Prior to this legislation being signed, youth experiencing foster care only had access to the federal Chafee Educational and Training Voucher program and the Ivyane D.F. Davis Memorial Scholarship Fund, a state-funded scholarship program. With the tuition waiver program in place, youth who have experienced foster care can pursue their dreams without worrying about how to pay for college or where to find housing.
“We know that young people who have been through the foster care system as teens and have aged out experience worse outcomes overall than their peers in terms of educational attainment, full-time employment, stable housing and financial independence,” said Rep. Krista Griffith, lead House sponsor of HB 123. “We can do more to make sure our students in foster care thrive as adults by removing the financial barrier to higher education. This will encourage youth in foster care to go out and earn a college degree, giving them tools they need to identify and obtain a path forward to achieving their dreams.”
“Young people who have worked hard to get to college after spending significant time in Delaware’s foster care system deserve every ounce of our support,” said Senate Majority Whip Elizabeth “Tizzy” Lockman. “I want to thank Rep. Krista Griffith and Governor John Carney for recognizing that fact and taking action today to remove barriers that prevent some of our most vulnerable young people from achieving their goals, realizing their potential, and embarking on an education that will lead them to a brighter future.”
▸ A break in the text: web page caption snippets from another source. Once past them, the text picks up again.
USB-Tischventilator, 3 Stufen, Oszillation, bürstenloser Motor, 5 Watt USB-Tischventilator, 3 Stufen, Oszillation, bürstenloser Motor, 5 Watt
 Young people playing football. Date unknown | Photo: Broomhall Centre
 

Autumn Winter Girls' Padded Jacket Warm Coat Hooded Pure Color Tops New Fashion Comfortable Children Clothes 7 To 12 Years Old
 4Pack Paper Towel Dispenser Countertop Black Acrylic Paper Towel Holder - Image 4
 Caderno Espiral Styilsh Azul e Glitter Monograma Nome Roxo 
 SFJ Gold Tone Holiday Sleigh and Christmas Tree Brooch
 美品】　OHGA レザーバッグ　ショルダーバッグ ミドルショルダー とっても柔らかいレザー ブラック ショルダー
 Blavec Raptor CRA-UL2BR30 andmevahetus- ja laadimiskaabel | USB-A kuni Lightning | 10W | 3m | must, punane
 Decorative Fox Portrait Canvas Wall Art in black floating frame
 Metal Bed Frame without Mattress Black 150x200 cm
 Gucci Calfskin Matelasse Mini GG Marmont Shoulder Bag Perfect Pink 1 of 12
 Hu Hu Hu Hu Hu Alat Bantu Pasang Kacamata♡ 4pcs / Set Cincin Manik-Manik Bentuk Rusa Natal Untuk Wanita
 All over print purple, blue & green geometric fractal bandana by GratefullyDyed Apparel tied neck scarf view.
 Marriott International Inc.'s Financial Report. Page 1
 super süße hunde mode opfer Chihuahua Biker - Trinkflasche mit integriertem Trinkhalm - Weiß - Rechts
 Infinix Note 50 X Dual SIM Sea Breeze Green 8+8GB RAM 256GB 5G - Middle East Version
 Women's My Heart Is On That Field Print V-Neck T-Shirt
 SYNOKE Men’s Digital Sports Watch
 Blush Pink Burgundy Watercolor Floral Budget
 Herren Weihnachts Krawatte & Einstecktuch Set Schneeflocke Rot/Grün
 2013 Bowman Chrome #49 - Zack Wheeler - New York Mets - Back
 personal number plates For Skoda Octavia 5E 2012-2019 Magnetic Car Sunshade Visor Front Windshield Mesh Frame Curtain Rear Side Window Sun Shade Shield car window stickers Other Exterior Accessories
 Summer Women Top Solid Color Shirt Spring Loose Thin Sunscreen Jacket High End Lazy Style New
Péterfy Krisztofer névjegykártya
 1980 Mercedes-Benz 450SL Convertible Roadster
According to DSCYF, it is estimated that about 15-20 incoming freshmen will likely take advantage of tuition waivers under House Bill 123 each year. Governor Carney supported this legislation in his 2020 State of the State Address[gcc02.safelinks.protection.outlook.com].
“This legislation is so important,” said Mayda Berrios, student at Delaware State University. “Although I’m graduating this year, I am so happy that some many young people will be able to benefit from this. Thanks to the members of the General Assembly who pushed this beyond the Youth Advisory Council and made this into a bill today so that the future generation of foster youth who are experiencing hardships can now experience higher education.”